La parola mancia sembra derivi dal francese antico manche, manica. A quei tempi andava larga, le dame ci mettevano i fazzoletti da affidare ai propri cavalieri, i commercianti ci nascondevano la scarsella con il denaro. Nel tempo è diventata sinonimo di dono, piccolo regalo, elargizione, ricompensa. Qualcosa che si dà non per atto dovuto ma come volontario riconoscimento di un impegno, di un servizio, di una cortesia. Quando invece le monete vengono fatte cadere nella mano tesa di un mendicante, ecco l’elemosina, dal greco antico, che significa avere pietà.
La distinzione non è in realtà così netta.

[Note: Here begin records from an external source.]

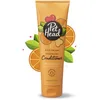 Image de Pet Head Après-shampoing pour Chien - Élimine Les odeurs - Neutralise Les odeurs - Nettoie en Profondeur - Élimine Les odeurs - Orange 90322A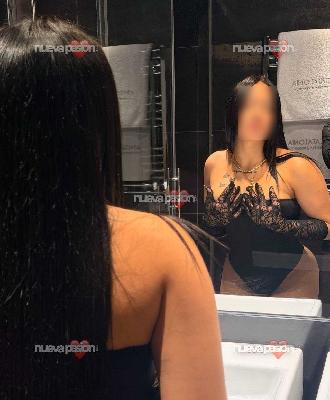 🔝📍💥MIA POR GENERAL DAVILA (SANTANDER) NOVEDAD HECHA DESEO💥🔝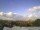 Webcam in Auckland, 1.6 mi away
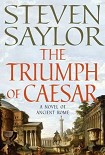 Читать книгу The Triumph Of Caesar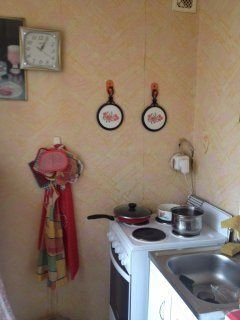Сдам 3-х комнатную квартиру - фото 8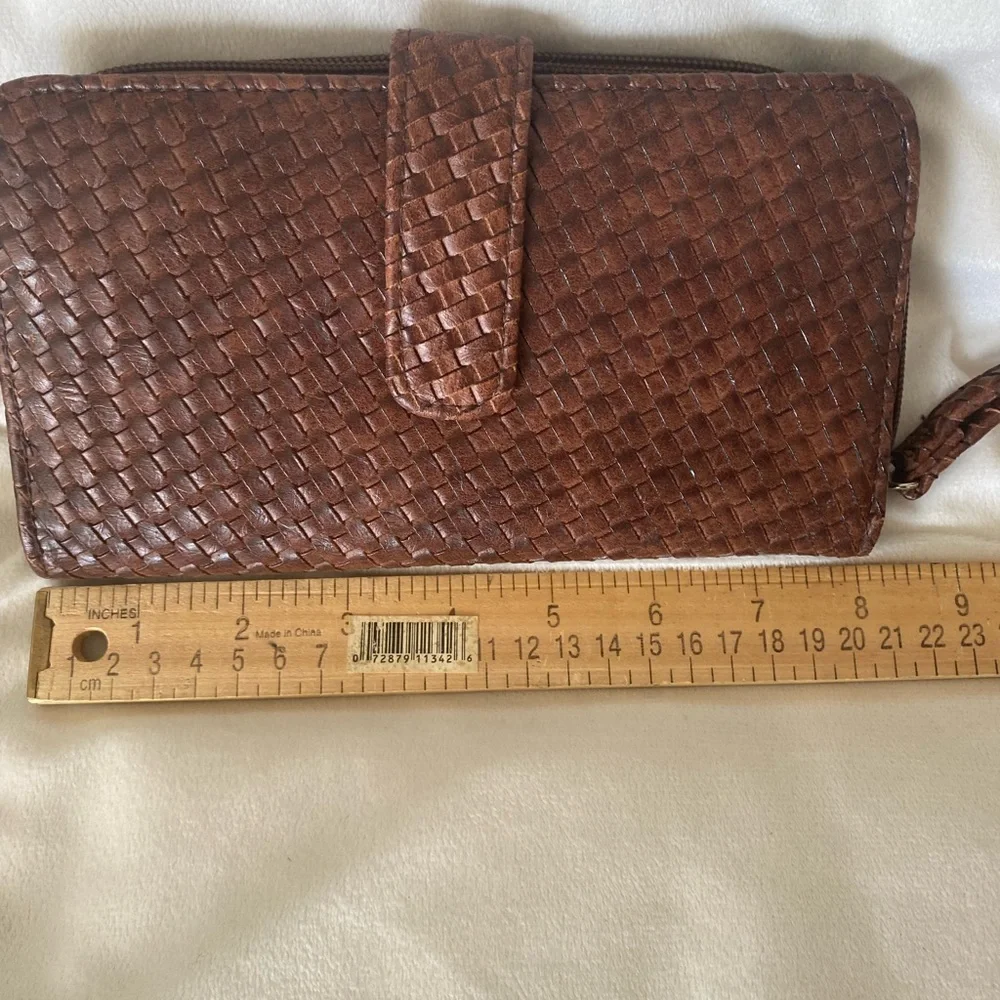 Wallet - Picture 5 of 5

Comune è il presupposto che la persona alla quale viene dato l’obolo, sia per ricompensarla di un qualche servigio sia per pura offerta, abbia comunque bisogno della nostra generosità. Una volta Giuliano Amato raccontò che tra la miriade di questuanti che ai semafori chiedono qualcosa, preferiva tirare giù il finestrino per regalare un soldo a chi offriva comunque una prestazione, lavavetri o giocolieri che fossero, mentre tendeva ad ignorare quelli con solo il cappello in mano. Come dire: il lavoro merita sempre di essere remunerato, la carità è una questione di coscienza e non sempre bisogna fidarsi di quelli che la chiedono.
Negli Stati Uniti la mancia è obbligatoria, in Giappone considerata offensiva, da noi discrezionale. Riteniamo giusto dire al cameriere “tenga il resto” o mettere qualche spicciolo sopra lo scontrino che posiamo sul bancone del bar? E quando un fattorino bussa alla porta, per consegnare una pizza o un pacco, gli diamo qualcosa per premiarlo della sua solerzia o perché ci fa pena? A spingerci è il nostro senso di colpa perché ci sentiamo privilegiati o perché sappiamo che è uno sfruttato pagato pochissimo e quindi vogliamo rimediare al cinismo padronale? O viceversa, non diamo nulla perché non sono fatti nostri, se la vedesse lui con il suo datore di lavoro, se fa questo è comunque un incapace o un fallito, un diverso, un paria? E già, perché nel nuovo medioevo anche la povertà torna ad essere una colpa. E le umili mansioni bollate con un marchio di inferiorità.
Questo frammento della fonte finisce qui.